Calculates the L2 normalized array of numpy array a of a given order and along a given axis.

burnman.utils.math.linear_interpol(x, x1, x2, y1, y2)

Linearly interpolate to point x, between the points (x1,y1), (x2,y2)

burnman.utils.math.bracket(fn, x0, dx, args=(), ratio=1.618, maxiter=100)

Given a function and a starting guess, find two inputs for the function that bracket a root.

Parameters:

• fn (function) – The function to bracket.

• x0 (float) – The starting guess.

• dx (float) – Small step for starting the search.

• args (tuple) – Additional arguments to give to fn.

• ratio (float) – The step size increases by this ratio every step in the search. Defaults to the golden ratio.

• maxiter (int) – The maximum number of steps before giving up.

Returns:

xa, xb, fa, fb. xa and xb are the inputs which bracket a root of fn. fa and fb are the values of the function at those points. If the bracket function takes more than maxiter steps, it raises a ValueError.

Return type:

tuple of floats

burnman.utils.math.smooth_array(array, grid_spacing, gaussian_rms_widths, truncate=4.0, mode='inverse_mirror')

Creates a smoothed array by convolving it with a gaussian filter. Grid resolutions and gaussian RMS widths are required for each of the axes of the numpy array. The smoothing is truncated at a user-defined number of standard deviations. The edges of the array can be padded in a number of different ways given by the ‘mode’ parameter.

Parameters:

• array (numpy.ndarray) – The array to smooth.

• grid_spacing (numpy.array of floats) – The spacing of points along each axis.

• gaussian_rms_widths (numpy.array of floats) – The Gaussian RMS widths/standard deviations for the Gaussian convolution.

• truncate (float) – The number of standard deviations at which to truncate the smoothing.

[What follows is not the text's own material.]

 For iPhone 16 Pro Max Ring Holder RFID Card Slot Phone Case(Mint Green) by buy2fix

• mode (str) – {‘reflect’, ‘constant’, ‘nearest’, ‘mirror’, ‘wrap’, ‘inverse_mirror’} The mode parameter determines how the array borders are handled either by scipy.ndimage.filters.gaussian_filter. Default is ‘inverse_mirror’, which uses burnman.tools.math._pad_ndarray_inverse_mirror().

Returns:

The smoothed array

Return type:

numpy.ndarray

burnman.utils.math.interp_smoothed_array_and_derivatives(array, x_values, y_values, x_stdev=0.0, y_stdev=0.0, truncate=4.0, mode='inverse_mirror', indexing='xy')

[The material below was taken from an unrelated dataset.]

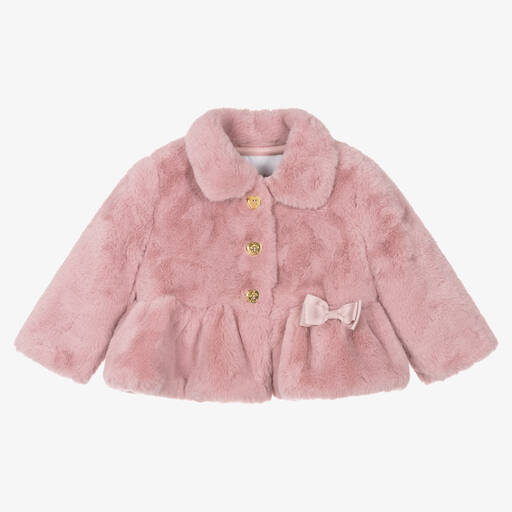 Angel's Face-Baby Girls Pink Faux Fur Jacket | Childrensalon Outlet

Creates a smoothed array on a regular 2D grid. Smoothing is achieved using burnman.tools.math.smooth_array(). Outputs scipy.interpolate.RegularGridInterpolator() interpolators which can be used to query the array, or its derivatives in the x- and y- directions.

Parameters:

• array (numpy.array (2D)) – The array to smooth. Each element array[i][j] corresponds to the position x_values[i], y_values[j]

• x_values (numpy.array (1D)) – The gridded x values over which to create the smoothed grid

• y_values (numpy.array (1D)) – The gridded y_values over which to create the smoothed grid

• x_stdev (float) – The standard deviation for the Gaussian filter along the x axis

• y_stdev (float) – The standard deviation for the Gaussian filter along the y axis

• truncate (float) – The number of standard deviations at which to truncate the smoothing.

• mode (str) – {‘reflect’, ‘constant’, ‘nearest’, ‘mirror’, ‘wrap’, ‘inverse_mirror’} The mode parameter determines how the array borders are handled either by scipy.ndimage.filters.gaussian_filter. Default is ‘inverse_mirror’, which uses burnman.tools.math._pad_ndarray_inverse_mirror().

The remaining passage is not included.